• DIRECTIONS
A precise copy of the data is required, with every picture left out.

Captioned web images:

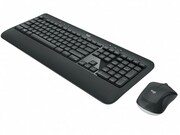 LogitechMK540BlackAdvancedWirelessMouse+KeyboardBundle,2.4GHzRF,USB,920-008686(setfarafirtastatura+mouse/беспроводнойкомплектклавиатура+мышь)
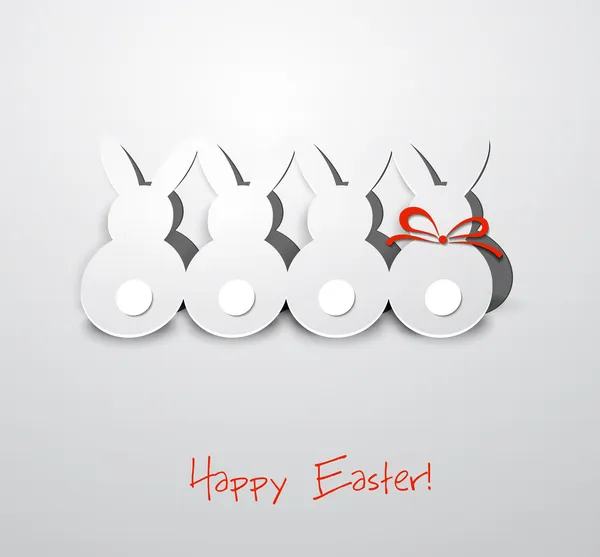 Easter card — Wektor stockowy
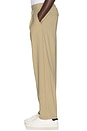 view 2 of 5 Daydrift Relaxed Pleated Trouser in Rumble Crumble
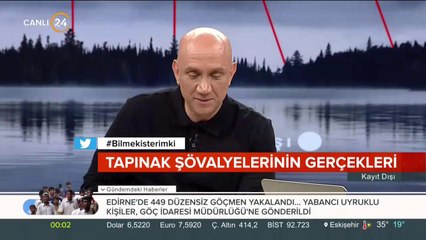 Ertan Özyiğit ve Beyza Hakan ile Kayıt Dışı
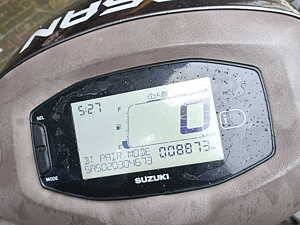 Second Hand Suzuki Access 125 Disc Alloy - Bluetooth in Thane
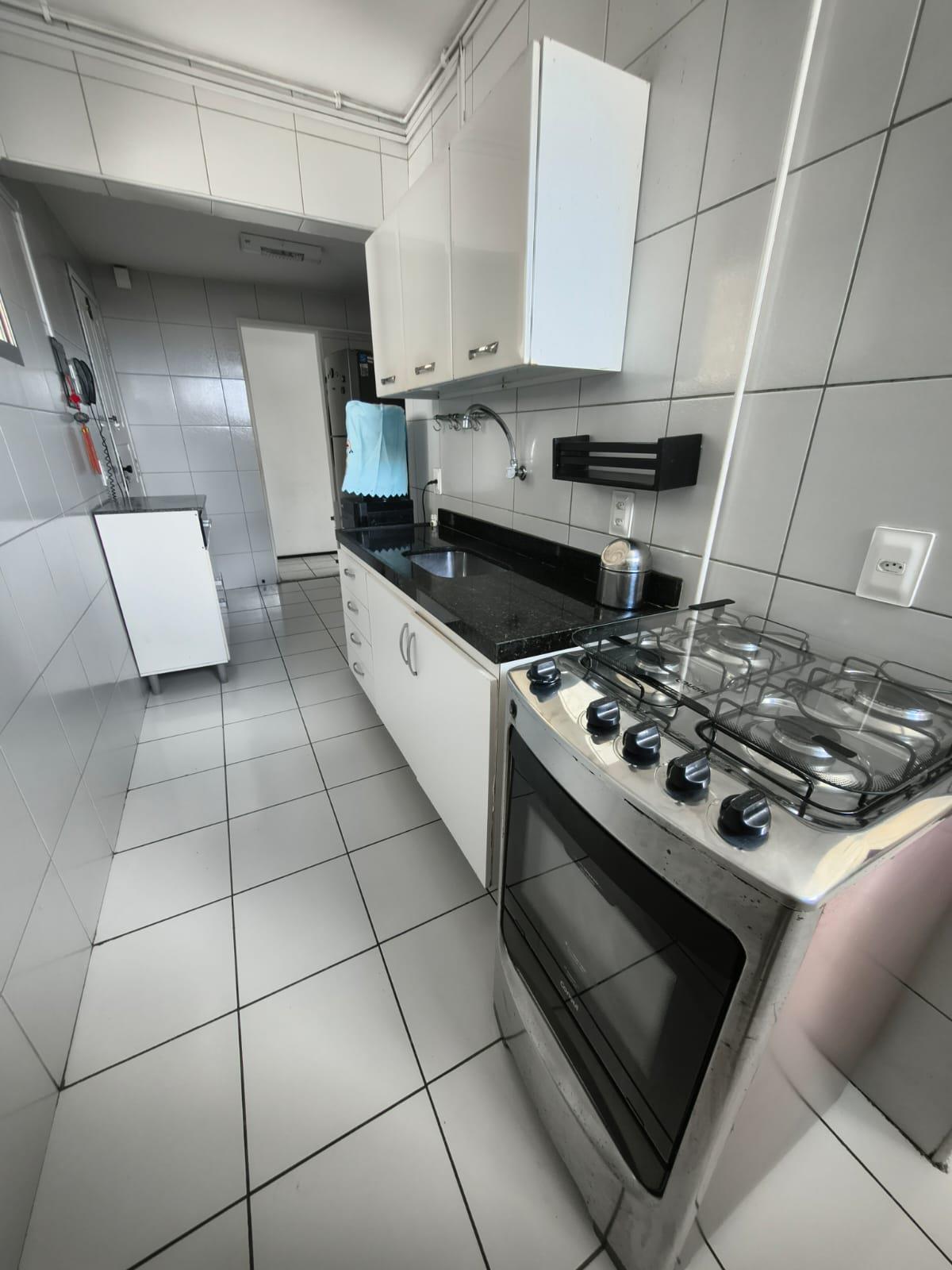 Apartamento à Venda no Edifício Jericoacoara – 84,90 m², 3 Quartos, 2 Suítes e 1 Vaga | Varjota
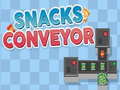 խաղ Snacks Conveyor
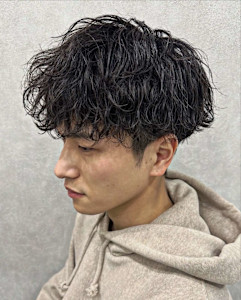 メンズカット／メンズパーマ - JADE with AKROS【ジェイド】掲載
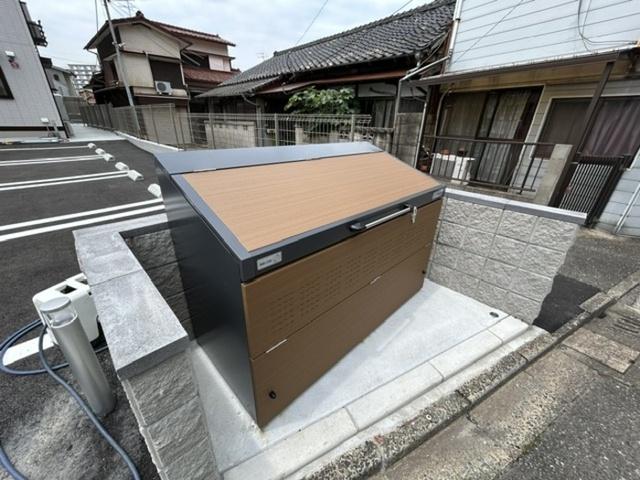 D-ROOM原町（102） 物件画像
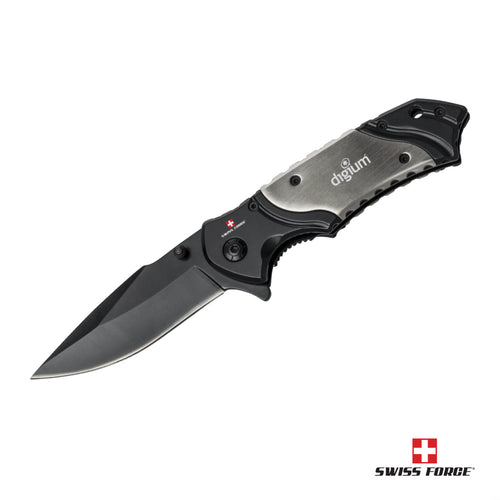 Swiss Force® Saracen Pocket Knife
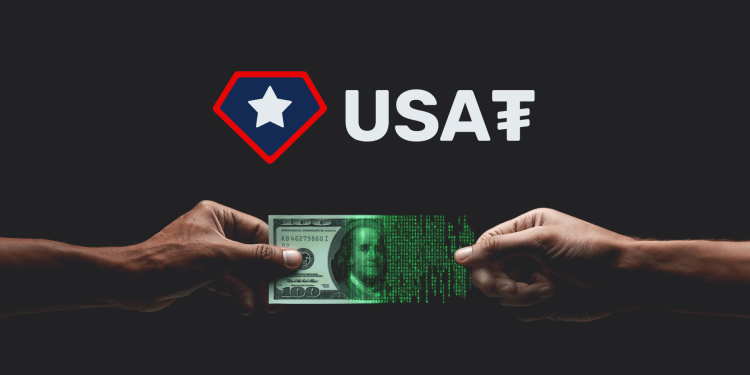 Tether triển khai stablecoin USAt tuân thủ quy định liên bang Mỹ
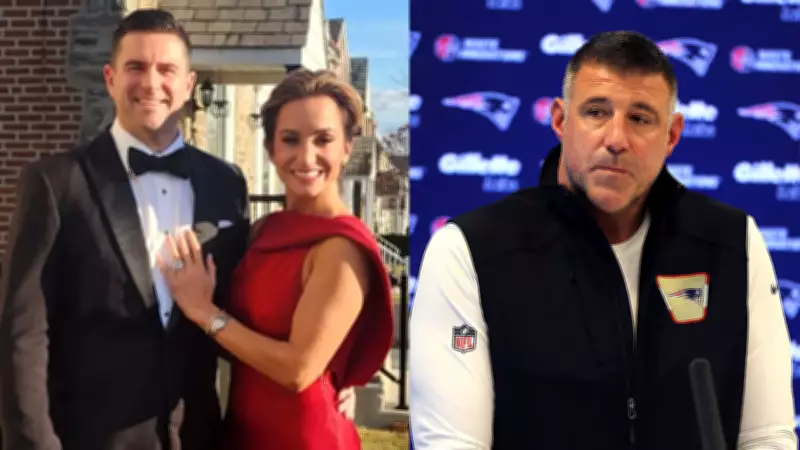 Mike Vrabel and Dianna Russini Affair Rumors: DNA Test Claims Debunked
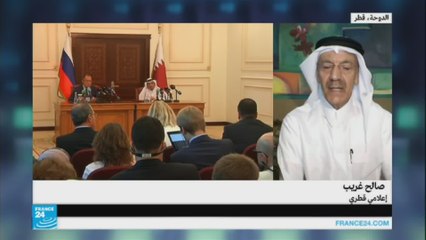 دول الحصار على قطر تسد أذنيها عن وساطات العالم ؟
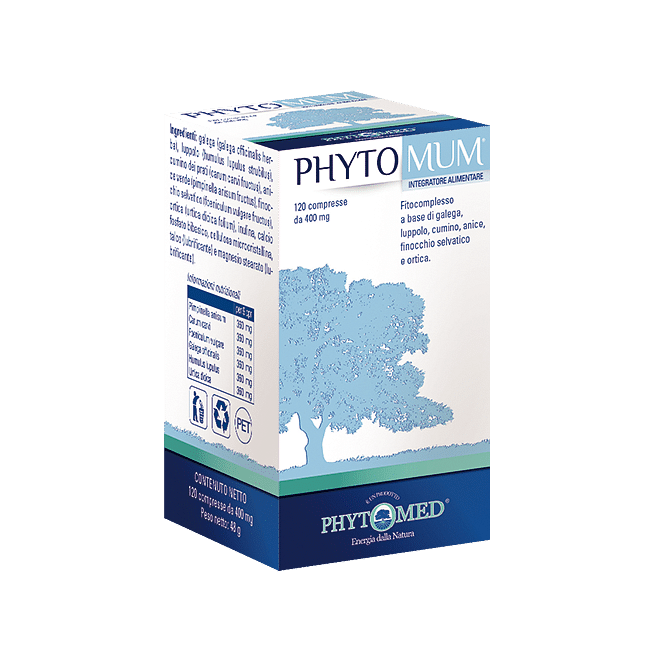 Phytomum3 42 Compresse 21 G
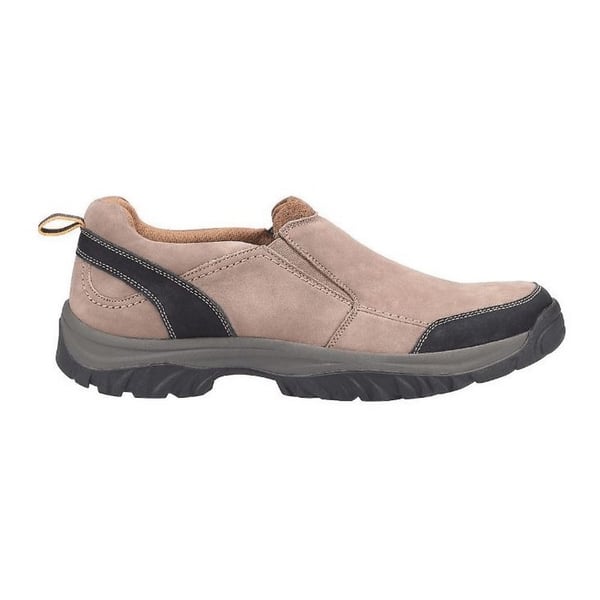 Cotswold Mens Boxwell Nubuck Leather Hiking Shoe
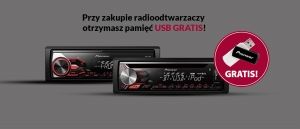Promocja Pioneer w Media Expert
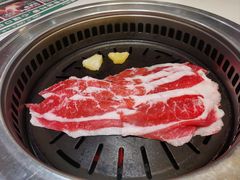 -韩香福烤肉庄园(文化西路店)
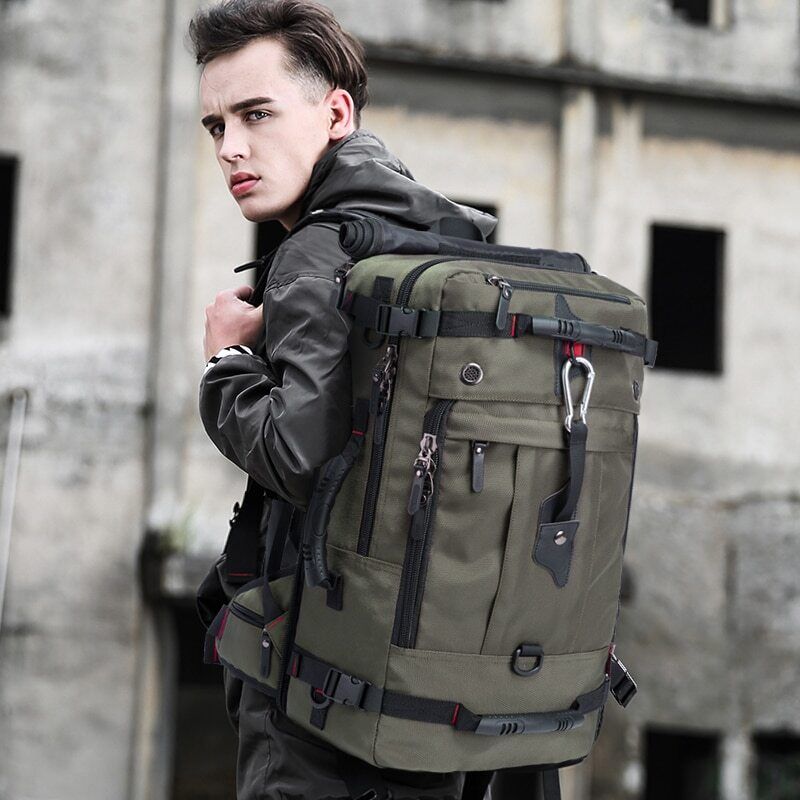 Travel Backpack Men Women Multifunction Laptop Backpacks Outdoor Luggage Bag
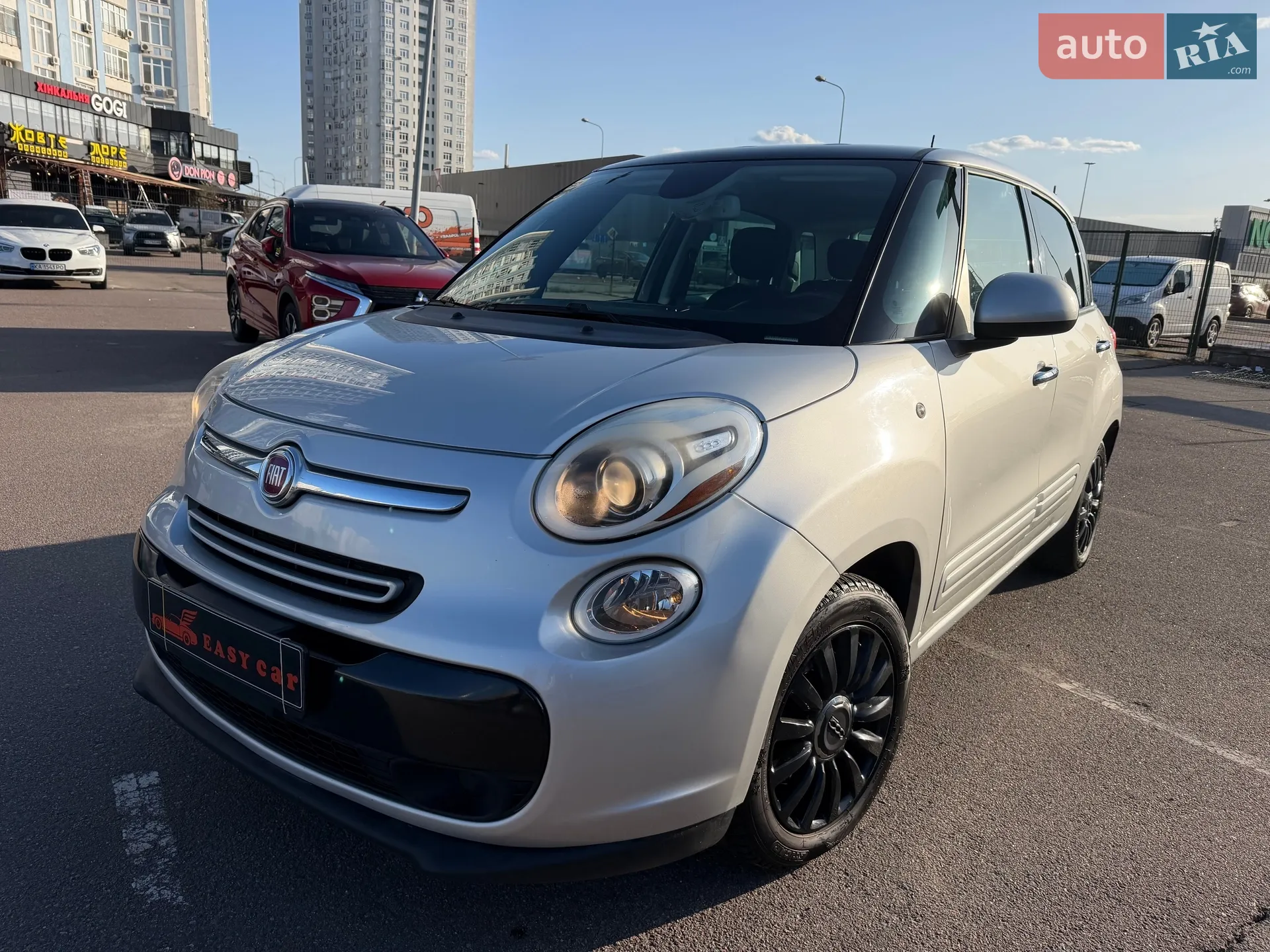 2016 Fiat 500L - мініатюра 18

• SOLUTION BELOW
 LogitechMK540BlackAdvancedWirelessMouse+KeyboardBundle,2.4GHzRF,USB,920-008686(setfarafirtastatura+mouse/беспроводнойкомплектклавиатура+мышь)
 Easter card — Wektor stockowy
 view 2 of 5 Daydrift Relaxed Pleated Trouser in Rumble Crumble
 Ertan Özyiğit ve Beyza Hakan ile Kayıt Dışı
 Second Hand Suzuki Access 125 Disc Alloy - Bluetooth in Thane
 Apartamento à Venda no Edifício Jericoacoara – 84,90 m², 3 Quartos, 2 Suítes e 1 Vaga | Varjota
 խաղ Snacks Conveyor
 メンズカット／メンズパーマ - JADE with AKROS【ジェイド】掲載
 D-ROOM原町（102） 物件画像
 Swiss Force® Saracen Pocket Knife
 Tether triển khai stablecoin USAt tuân thủ quy định liên bang Mỹ
 Mike Vrabel and Dianna Russini Affair Rumors: DNA Test Claims Debunked
 دول الحصار على قطر تسد أذنيها عن وساطات العالم ؟
 Phytomum3 42 Compresse 21 G
 Cotswold Mens Boxwell Nubuck Leather Hiking Shoe
Promocja Pioneer w Media Expert
 -韩香福烤肉庄园(文化西路店)
 Travel Backpack Men Women Multifunction Laptop Backpacks Outdoor Luggage Bag
 2016 Fiat 500L - мініатюра 18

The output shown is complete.